Atrial fibrillation treatment relies on anticoagulation therapy that reduces the risk of stroke. Vitamin K antagonists (VKA) were the only oral anticoagulant drugs for more than 50 years, but they are difficult to manage especially in the elderly. In France, VKA are the main cause of iatrogenic hospitalizations with about 17,000 hospitalizations per year and around 4,000 to 5,000 deaths per year. Pharmacologic properties of VKA, especially the narrow therapeutic margin explain the complexity of their management.

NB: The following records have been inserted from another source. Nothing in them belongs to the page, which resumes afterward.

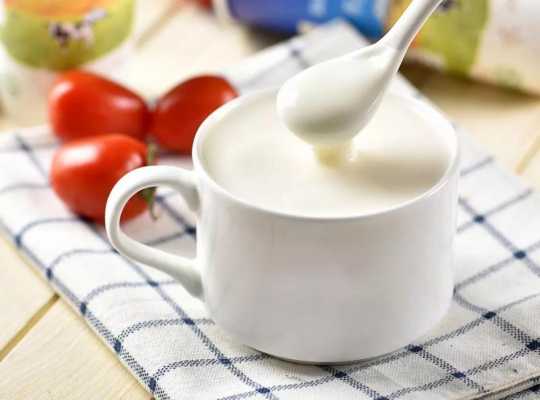 喝酸奶加蜂蜜会胖吗-喝蜂蜜酸奶有什么功效与作用吗
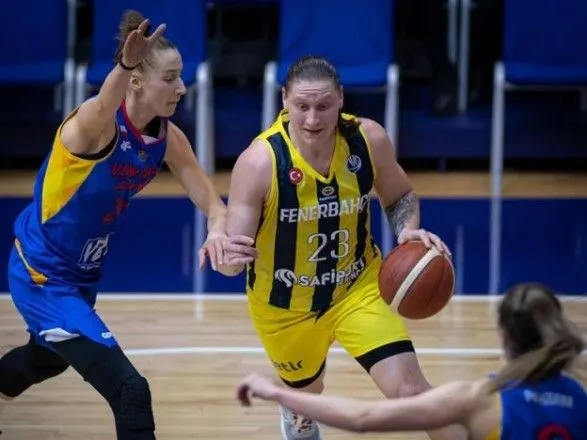 Лідер збірної України з баскетболу оформила дабл-дабл у переможній грі Євроліги
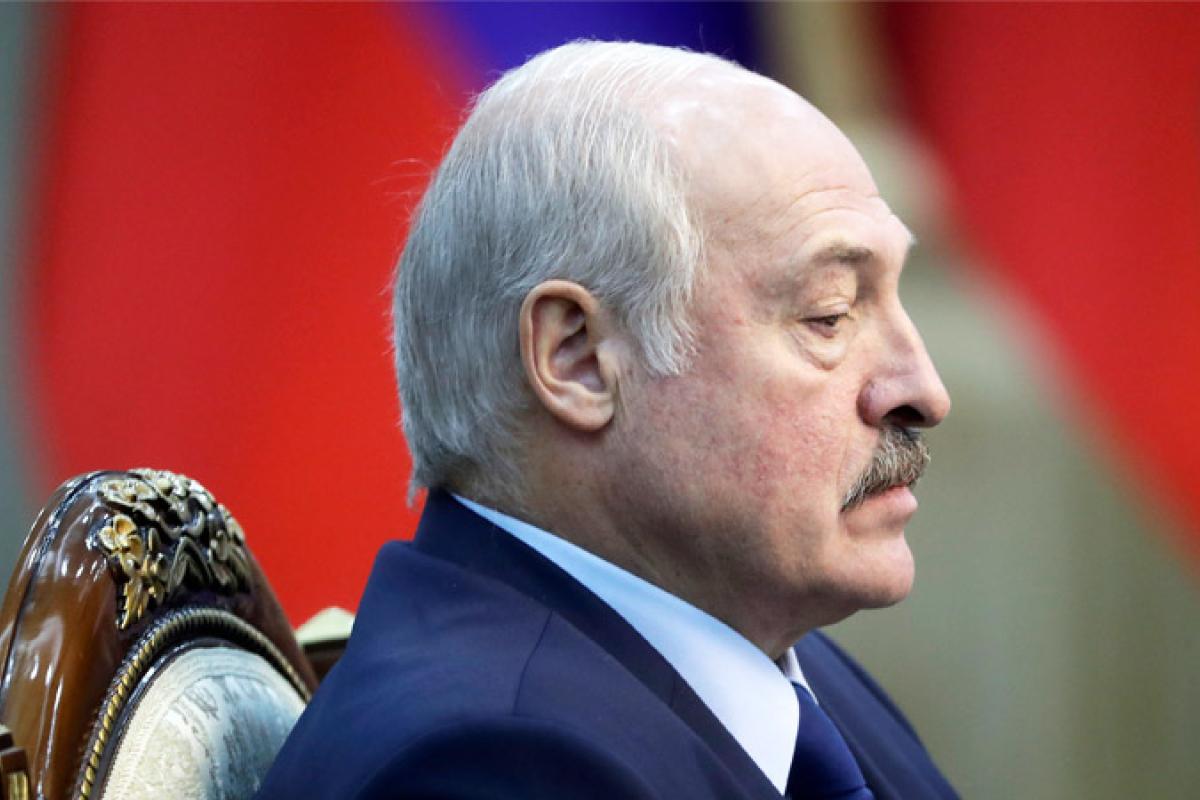 Беларусь полностью закроет границу с Украиной, - СМИ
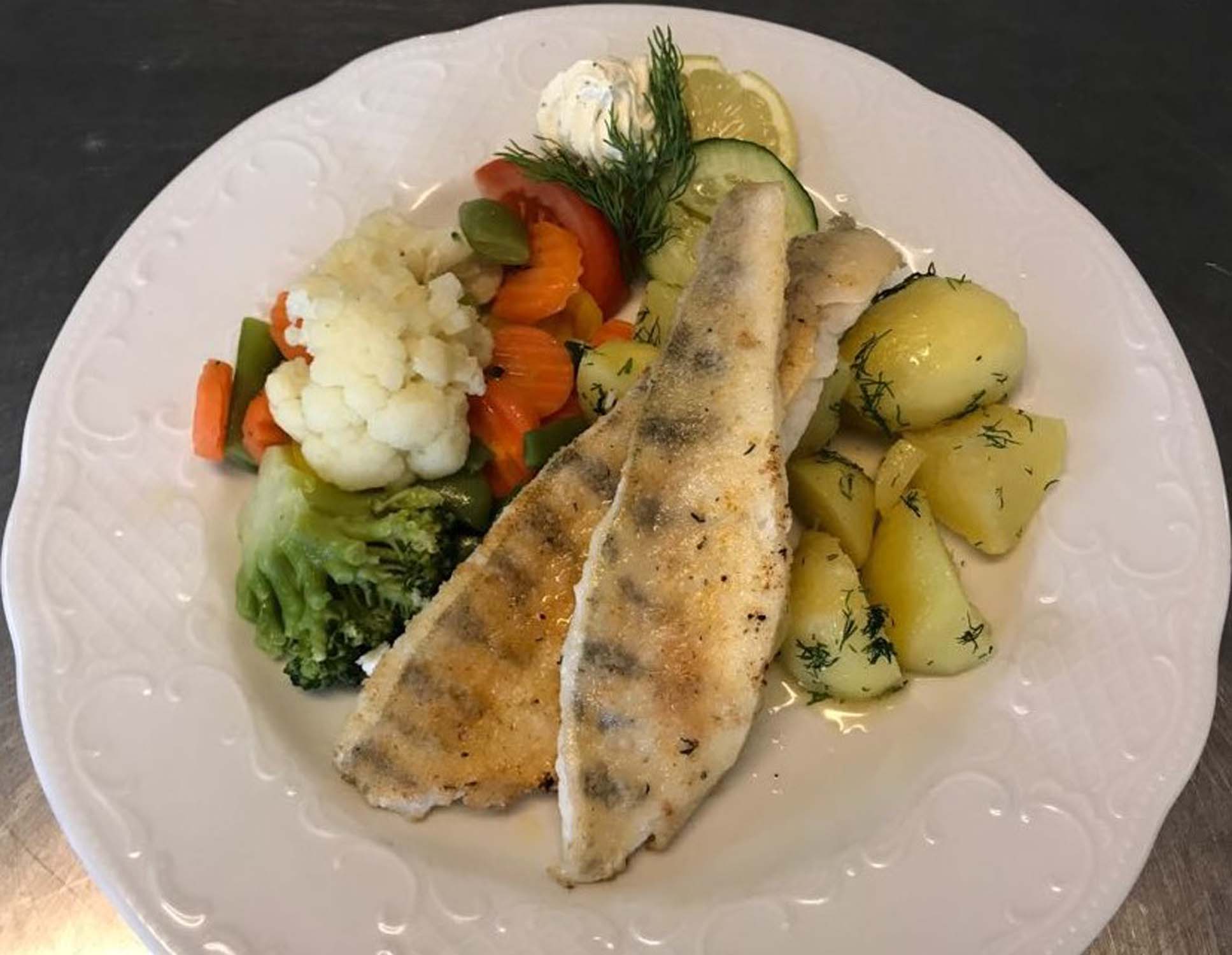 Fischgericht mit Kartoffeln und Gemüse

Several studies have shown that patients treated with VKA were on average only 50% of the time with an INR in the therapeutic range. In other words, patients are, half of the time, either-under treated or over-treated. Within this framework, development of new oral anticoagulant drugs appeared necessary, in order to obtain drugs with larger therapeutic margin and a better risk/benefit profile than VKA. Three large randomized clinical trials including almost 50,000 patients with 20,000 subjects over 75 years old and 8,000 over 80 years old, show a better risk/benefit profile of the new oral anticoagulants (NOAC) than VKA, characterized by a 50% reduction of cerebral hemorrhages, 22% reduction of stroke and 12% reduction of total mortality. Meanwhile, their renal elimination and the lack of control of the biological efficacy need to be taken into account for their prescription. Renal failure (estimated glomerular filtration rate according to Cockcroft formula < 30 mL/min) contraindicates their use. Their half-life is shorter than that of VKA and the biological monitoring is not available, thus a good adherence to the treatment is important. Studies specifically conducted among geriatric older population with poly-pathologies and frail are therefore needed to evaluate tolerance of NOAC in real life conditions.

摘要

心房颤动的治疗依赖于降低中风风险的抗凝治疗。维生素K拮抗剂(VKA)在50多年的时间里一直是唯一的口服抗凝药物,但它们难以管理,尤其是在老年人中。在法国,VKA是医源性住院的主要原因,每年约有17000例住院病例,每年约有4000至5000人死亡。VKA的药理特性,尤其是其狭窄的治疗窗,解释了其管理的复杂性。多项研究表明,接受VKA治疗的患者平均只有50%的时间国际标准化比值(INR)处于治疗范围内。换句话说,患者有一半的时间要么治疗不足,要么治疗过度。在此背景下,开发新的口服抗凝药物显得很有必要,以便获得比VKA具有更宽治疗窗和更好风险/效益比的药物。三项大型随机临床试验纳入了近50000名患者,其中20000名受试者年龄在75岁以上,8000名受试者年龄在80岁以上,结果显示新型口服抗凝药(NOAC)的风险/效益比优于VKA,其特点是脑出血减少50%,中风减少22%,总死亡率减少12%。同时,在开具其处方时需要考虑到它们通过肾脏排泄以及缺乏生物疗效监测的情况。肾衰竭(根据Cockcroft公式估算的肾小球滤过率<30 mL/min)为使用它们的禁忌证。它们的半衰期比VKA短,且无法进行生物监测,因此良好的治疗依从性很重要。因此,需要专门针对患有多种疾病和身体虚弱的老年人群体进行研究,以评估NOAC在现实生活条件下的耐受性。